Dalla sessione “artroscopia e caviglia” si evince anche un’altra notizia. Spesso il progresso scientifico, non procede linea retta, se come riportato gli esperti, in una decade dal (2003 ad oggi) la medicina ha cambiato idea tre volte sulla necessità o meno di operare sempre le lesioni della caviglia. “Le ultime evidenze scientifiche presentate in questi giorni stanno dimostrando come le lesioni non operate, soprattutto in casi di atleti di alto livello, possono portare ad una alterazione della cinematica del movimento, ed ad un’ alterazione del gesto sportivo dannoso a lungo andare per l’atleta, con danni di tipo artrosico e cartilagineo”, dice Lijoi.

Sono dello stilista spagnolo Javier Larrainzar i sandali alla schiava con tacco a spillo e plateau.
Sono dello stilista spagnolo Javier Larrainzar i sandali alla schiava con tacco a spillo e plateau.

Per le donne infine, un consiglio concreto: attenzione ai tacchi alti.

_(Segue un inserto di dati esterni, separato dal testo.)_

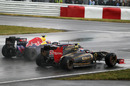 Vitaly Petrov and Mark Webber battle for position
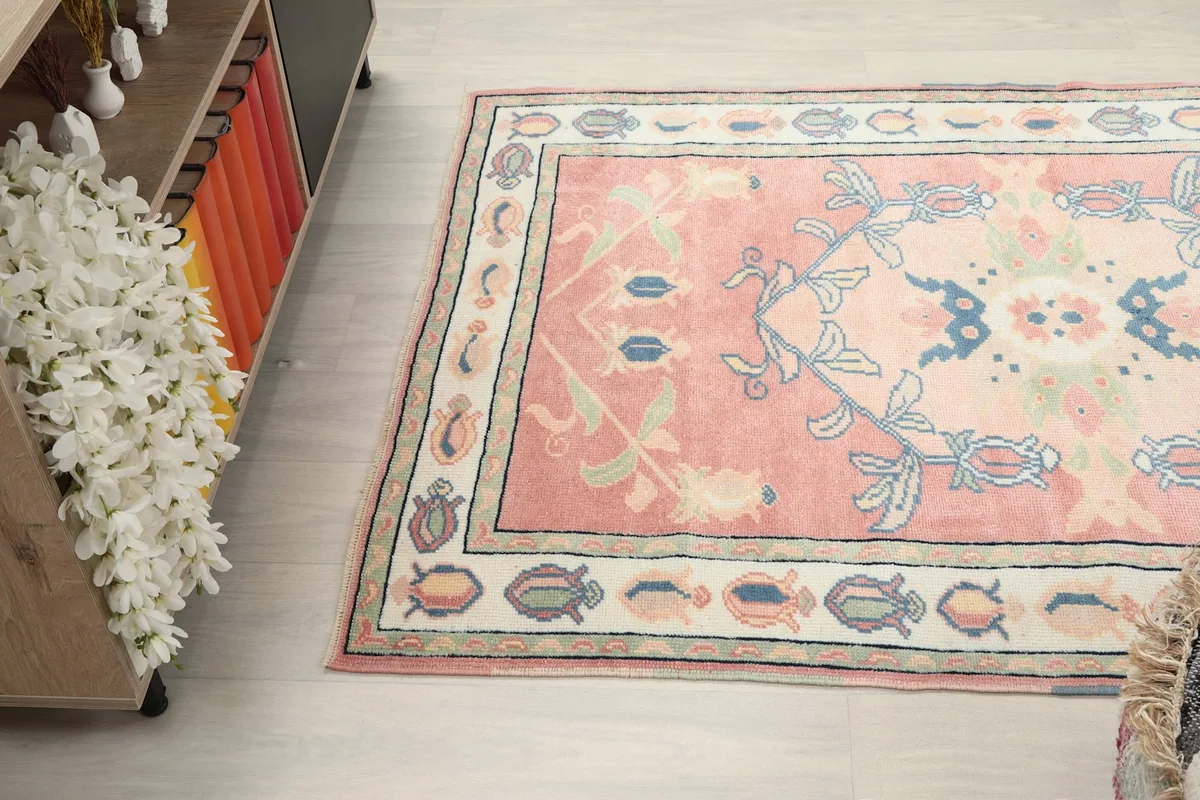 Wide-angle view of the pink rug in a room, showing its full length and the surrounding decor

Usare queste scarpe tutti i giorni, per molte ore, può dare seri problemi ai tendini della caviglia e al tendine d’Achille in particolare. Ma i danni da tacchi alti per le signore, oltre che da usura possono essere anche acuti. Si tratta delle distorsioni alla caviglia. Più il tacco è alto e il tallone lontano da terra e l’appoggio ridotto (tacchi a spillo), più è alta l’incidenza di distorsioni della caviglia. Nei casi lievi si può avere una lesione di primo grado di uno dei legamenti, risolvibile con l’uso di una cavigliera elastica e riposo per circa 10-15 giorni, nei casi più gravi invece, può servire il chirurgo, artroscopico.

Insomma seduzione, in questo caso, fa rima con lesione.